Block names are acquired from the official Unicode Names List 13.0.

Some

At least one character must satisfy the one of the inputted blocks.

kyarakuta.some('A 食 🧐', [
  {
    block: 'C0 Controls and Basic Latin (Basic Latin)', 
    subblock: undefined     // 'undefined' means any subblock
  }
]);
// Output: true

kyarakuta.some('abcあいう', [
  {
    block: 'Hiragana', 
    subblock: 'Hiragana letters'
  }
]);
// Output: true

kyarakuta.some('abcあいう', [
  {
    block: 'Arabic',
    subblock: undefined
  }
]);
// Output: false

kyarakuta.some('アパート', [
  { block: 'Hiragana' },
  { block: 'Katakana' }
]);
// Output: true

Every

All characters must satisfy at least one of the inputted blocks.

kyarakuta.every('اهلا', [
  { block: 'Arabic' }
]);
// Output: true

kyarakuta.every('アパート', [
  { block: 'Hiragana' },
  { block: 'Katakana' }
]);
// Output: true

kyarakuta.every('アパート Apartment', [
  { block: 'Hiragana' },
  { block: 'Katakana' }
]);
// Output: false

kyarakuta.every('Aa食', [
  {
    block: undefined,    // 'undefined' means any block
    subblock: 'Uppercase Latin alphabet'
  },
  {
    block: undefined,
    subblock: 'Lowercase Latin alphabet'
  }
]);
// Output: false

kyarakuta.every('ABcd', [
  {
    subblock: 'Uppercase Latin alphabet'
  },
  {
    subblock: 'Lowercase Latin alphabet'
  }
]);
// Output: true

Japanese Specific Utilities

Is Kana

Check if all characters in a string is kana.

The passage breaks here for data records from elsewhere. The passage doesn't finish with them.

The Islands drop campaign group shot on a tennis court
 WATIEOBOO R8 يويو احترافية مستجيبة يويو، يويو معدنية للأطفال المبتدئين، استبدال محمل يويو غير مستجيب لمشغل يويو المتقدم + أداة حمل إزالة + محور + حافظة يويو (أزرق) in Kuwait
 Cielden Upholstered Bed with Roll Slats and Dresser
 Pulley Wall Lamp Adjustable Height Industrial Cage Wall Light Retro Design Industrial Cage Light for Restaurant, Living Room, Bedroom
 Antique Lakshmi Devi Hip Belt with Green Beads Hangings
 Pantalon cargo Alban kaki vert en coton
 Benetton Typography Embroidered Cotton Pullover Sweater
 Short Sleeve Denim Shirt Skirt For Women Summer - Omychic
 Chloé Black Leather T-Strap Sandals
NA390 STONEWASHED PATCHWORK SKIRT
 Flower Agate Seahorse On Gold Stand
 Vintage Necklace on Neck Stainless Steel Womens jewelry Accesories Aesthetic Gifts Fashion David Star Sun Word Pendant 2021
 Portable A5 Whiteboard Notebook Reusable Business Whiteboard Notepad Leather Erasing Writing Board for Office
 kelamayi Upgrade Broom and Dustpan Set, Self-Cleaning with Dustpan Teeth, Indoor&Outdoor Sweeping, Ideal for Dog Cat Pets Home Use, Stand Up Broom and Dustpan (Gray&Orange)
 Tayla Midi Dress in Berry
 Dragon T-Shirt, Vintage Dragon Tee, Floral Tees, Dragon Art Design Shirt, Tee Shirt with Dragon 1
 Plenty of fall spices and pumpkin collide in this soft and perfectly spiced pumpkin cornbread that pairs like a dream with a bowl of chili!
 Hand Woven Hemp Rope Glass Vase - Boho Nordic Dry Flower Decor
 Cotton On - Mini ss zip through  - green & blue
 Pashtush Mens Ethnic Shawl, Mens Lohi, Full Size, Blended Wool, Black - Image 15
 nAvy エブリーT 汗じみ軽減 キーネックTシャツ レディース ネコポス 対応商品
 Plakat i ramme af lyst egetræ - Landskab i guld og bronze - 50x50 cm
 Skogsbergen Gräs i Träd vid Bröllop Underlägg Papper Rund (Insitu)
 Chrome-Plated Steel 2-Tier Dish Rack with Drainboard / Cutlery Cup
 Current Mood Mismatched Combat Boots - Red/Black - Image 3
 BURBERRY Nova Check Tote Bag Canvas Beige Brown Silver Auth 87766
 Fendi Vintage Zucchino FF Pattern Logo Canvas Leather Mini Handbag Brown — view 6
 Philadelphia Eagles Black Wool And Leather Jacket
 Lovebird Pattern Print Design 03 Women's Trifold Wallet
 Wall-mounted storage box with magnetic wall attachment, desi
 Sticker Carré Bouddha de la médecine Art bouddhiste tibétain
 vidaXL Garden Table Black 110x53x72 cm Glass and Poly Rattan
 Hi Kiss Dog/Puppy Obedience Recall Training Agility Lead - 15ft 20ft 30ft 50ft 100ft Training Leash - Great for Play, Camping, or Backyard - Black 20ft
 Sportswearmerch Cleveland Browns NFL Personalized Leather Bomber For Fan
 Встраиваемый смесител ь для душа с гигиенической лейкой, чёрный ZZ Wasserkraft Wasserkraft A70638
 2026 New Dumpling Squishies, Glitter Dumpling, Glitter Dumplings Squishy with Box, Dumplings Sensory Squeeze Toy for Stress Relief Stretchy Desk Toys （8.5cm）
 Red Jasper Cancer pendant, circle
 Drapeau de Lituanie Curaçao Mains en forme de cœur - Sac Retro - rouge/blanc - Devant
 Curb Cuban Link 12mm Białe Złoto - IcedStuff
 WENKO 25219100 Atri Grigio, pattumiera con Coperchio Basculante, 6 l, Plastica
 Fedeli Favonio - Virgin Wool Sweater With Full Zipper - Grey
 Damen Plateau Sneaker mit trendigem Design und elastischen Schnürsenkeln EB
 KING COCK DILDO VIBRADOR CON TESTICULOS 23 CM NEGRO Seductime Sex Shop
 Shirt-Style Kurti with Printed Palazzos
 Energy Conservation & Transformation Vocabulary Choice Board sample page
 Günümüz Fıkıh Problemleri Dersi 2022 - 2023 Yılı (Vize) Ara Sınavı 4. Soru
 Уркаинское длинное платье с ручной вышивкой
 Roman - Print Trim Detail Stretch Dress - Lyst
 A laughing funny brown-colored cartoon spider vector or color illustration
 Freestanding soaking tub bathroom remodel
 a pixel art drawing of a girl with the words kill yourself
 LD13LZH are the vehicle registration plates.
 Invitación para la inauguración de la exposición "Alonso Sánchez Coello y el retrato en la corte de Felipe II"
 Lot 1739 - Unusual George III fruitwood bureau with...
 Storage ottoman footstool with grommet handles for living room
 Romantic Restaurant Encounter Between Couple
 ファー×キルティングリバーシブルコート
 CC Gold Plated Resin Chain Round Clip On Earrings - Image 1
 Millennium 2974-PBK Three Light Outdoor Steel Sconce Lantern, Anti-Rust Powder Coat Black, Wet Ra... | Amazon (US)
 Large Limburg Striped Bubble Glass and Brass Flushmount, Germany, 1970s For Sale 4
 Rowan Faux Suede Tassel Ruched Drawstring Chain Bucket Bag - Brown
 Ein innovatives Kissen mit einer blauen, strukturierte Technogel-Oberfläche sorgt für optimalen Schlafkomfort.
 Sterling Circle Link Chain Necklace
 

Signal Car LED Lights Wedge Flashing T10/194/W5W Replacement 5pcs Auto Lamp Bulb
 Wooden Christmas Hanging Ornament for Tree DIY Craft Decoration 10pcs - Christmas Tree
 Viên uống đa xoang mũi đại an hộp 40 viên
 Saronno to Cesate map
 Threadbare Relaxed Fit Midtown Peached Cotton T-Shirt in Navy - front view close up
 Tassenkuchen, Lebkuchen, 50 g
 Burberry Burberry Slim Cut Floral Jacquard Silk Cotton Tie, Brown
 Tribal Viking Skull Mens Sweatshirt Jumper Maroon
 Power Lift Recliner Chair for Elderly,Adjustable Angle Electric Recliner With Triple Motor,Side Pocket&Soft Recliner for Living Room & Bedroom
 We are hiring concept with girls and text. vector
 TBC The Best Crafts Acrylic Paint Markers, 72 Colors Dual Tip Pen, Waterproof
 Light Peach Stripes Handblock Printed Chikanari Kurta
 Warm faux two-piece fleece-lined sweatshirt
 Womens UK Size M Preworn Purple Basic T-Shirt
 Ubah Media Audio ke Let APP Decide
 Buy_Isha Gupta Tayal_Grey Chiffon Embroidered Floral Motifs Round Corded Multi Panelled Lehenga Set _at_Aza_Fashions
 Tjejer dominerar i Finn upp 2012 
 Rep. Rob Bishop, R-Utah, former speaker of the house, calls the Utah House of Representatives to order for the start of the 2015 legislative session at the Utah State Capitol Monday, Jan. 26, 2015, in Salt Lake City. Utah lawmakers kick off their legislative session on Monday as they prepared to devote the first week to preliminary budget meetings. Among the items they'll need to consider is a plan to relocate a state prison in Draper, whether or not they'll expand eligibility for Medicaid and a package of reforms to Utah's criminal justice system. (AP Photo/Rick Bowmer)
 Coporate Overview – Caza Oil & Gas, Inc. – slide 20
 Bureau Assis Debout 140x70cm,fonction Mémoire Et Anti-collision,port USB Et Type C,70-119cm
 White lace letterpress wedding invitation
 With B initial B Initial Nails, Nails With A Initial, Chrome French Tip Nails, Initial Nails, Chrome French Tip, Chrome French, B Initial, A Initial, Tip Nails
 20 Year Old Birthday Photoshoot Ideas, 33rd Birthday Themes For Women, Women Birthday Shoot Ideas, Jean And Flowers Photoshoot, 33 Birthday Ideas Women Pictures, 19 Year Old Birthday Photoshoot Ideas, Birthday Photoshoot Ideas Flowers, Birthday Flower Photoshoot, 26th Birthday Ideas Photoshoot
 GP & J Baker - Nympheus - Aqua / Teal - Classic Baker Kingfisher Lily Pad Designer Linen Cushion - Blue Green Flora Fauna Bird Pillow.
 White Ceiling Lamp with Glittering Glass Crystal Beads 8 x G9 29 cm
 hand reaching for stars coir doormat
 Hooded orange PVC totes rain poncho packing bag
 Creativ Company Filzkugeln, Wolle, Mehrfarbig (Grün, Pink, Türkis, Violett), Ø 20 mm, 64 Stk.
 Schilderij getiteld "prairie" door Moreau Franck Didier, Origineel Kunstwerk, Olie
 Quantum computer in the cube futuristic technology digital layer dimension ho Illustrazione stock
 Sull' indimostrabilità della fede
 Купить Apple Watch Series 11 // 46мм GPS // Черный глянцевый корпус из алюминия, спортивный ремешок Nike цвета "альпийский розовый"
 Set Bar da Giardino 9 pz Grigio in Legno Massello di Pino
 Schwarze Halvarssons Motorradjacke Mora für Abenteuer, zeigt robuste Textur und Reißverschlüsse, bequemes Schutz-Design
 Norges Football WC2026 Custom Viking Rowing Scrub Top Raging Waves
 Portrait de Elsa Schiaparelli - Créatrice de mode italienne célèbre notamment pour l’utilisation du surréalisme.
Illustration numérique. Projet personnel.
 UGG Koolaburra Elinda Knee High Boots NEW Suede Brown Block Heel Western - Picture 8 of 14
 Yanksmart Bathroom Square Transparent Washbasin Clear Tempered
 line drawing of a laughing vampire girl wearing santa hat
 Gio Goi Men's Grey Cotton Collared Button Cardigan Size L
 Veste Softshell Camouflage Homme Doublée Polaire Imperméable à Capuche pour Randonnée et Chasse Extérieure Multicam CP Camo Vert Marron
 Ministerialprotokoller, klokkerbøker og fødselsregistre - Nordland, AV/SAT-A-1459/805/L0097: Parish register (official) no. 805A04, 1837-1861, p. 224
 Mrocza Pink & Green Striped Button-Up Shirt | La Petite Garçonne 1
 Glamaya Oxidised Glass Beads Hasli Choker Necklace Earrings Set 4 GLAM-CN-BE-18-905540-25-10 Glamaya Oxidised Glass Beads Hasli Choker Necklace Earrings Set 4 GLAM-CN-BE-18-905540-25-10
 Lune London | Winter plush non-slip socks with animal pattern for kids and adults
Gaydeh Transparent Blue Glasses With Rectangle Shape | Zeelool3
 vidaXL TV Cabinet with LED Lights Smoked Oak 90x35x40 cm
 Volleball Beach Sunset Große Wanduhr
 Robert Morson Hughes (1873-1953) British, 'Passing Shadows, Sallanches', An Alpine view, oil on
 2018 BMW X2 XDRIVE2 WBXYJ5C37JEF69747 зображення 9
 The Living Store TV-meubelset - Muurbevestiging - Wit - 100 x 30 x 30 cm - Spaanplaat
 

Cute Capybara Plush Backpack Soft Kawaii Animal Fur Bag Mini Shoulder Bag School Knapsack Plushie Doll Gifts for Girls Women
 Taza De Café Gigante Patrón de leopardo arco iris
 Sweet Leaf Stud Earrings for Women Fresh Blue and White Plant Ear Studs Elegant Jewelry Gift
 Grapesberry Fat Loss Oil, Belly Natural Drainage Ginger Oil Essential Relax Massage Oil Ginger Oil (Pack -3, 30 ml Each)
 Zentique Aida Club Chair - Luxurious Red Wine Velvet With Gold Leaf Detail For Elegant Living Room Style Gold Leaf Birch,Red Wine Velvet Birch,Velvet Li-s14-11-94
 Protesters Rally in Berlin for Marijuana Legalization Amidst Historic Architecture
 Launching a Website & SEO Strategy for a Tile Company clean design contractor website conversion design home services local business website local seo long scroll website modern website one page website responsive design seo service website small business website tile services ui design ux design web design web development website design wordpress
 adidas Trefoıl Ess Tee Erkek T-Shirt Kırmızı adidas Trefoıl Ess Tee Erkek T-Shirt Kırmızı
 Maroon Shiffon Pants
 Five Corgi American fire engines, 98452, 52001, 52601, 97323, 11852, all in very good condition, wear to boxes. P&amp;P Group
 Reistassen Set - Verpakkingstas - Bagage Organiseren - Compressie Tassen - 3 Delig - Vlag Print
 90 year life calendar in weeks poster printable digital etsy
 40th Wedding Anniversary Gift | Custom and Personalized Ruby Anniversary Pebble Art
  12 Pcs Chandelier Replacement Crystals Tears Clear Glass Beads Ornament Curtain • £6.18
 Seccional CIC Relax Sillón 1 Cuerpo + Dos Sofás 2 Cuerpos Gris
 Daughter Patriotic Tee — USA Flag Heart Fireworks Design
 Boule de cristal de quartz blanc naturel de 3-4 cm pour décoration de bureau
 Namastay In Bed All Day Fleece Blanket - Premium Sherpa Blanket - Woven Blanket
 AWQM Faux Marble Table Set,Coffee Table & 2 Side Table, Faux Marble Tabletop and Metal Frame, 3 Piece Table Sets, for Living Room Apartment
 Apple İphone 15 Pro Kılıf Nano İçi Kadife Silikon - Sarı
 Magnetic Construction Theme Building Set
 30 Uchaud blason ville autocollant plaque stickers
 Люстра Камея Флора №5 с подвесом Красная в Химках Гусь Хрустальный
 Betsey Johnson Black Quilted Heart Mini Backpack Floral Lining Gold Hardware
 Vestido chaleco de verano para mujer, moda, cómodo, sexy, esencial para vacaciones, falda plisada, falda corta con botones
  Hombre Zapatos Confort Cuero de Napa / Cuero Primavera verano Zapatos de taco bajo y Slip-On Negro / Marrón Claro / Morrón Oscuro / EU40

kyarakuta.isKana('アパート'); // true;
kyarakuta.isKana('これはアパートです'); // true
kyarakuta.isKana('アパート Apartment'), // false

Kana is all characters within "Hiragana" and "Katakana" blocks.

Is CJK

Check if all characters in a string belong to CJK blocks.

kyarakuta.isCJK('全国'); // true
kyarakuta.isCJK('𠚢𠀋'); // true
kyarakuta.isCJK(''); // true
kyarakuta.isCJK('a'); // false
kyarakuta.isCJK('はよ'); // false
kyarakuta.isCJK('全国は'); // false

Is Japanese

Japanese script mixes hiragana, katakana, kanji, and romaji. But in this function, 'isJapanese' checks whether a string only contains Kana and CJK characters. No spaces and punctuations are allowed.

kyarakuta.isJapanese('全国は'); // true
kyarakuta.isJapanese('このハンバーガはめっちゃうまい'); // true
kyarakuta.isJapanese('すごい!'); // false, contains punctuation
kyarakuta.isJapanese('これは すごい') ;// false, contains space
kyarakuta.isJapanese('Hello'); // false
kyarakuta.isJapanese('Hello世界'); // false

To Hiragana and To Katakana

Converts katakana to hiragana or hiragana to katakana

kyarakuta.toHiragana('インドネシア'); // いんどねしあ
kyarakuta.toKatakana('いんどねしあ'); // インドネシア

License

Copyright © 2020 Ezzat Chamudi

Kyarakuta code is licensed under MPL-2.0. Images, logos, docs, and articles in this project are released under CC-BY-4.0.

Libraries, dependencies, and tools used in this project are tied with their licenses.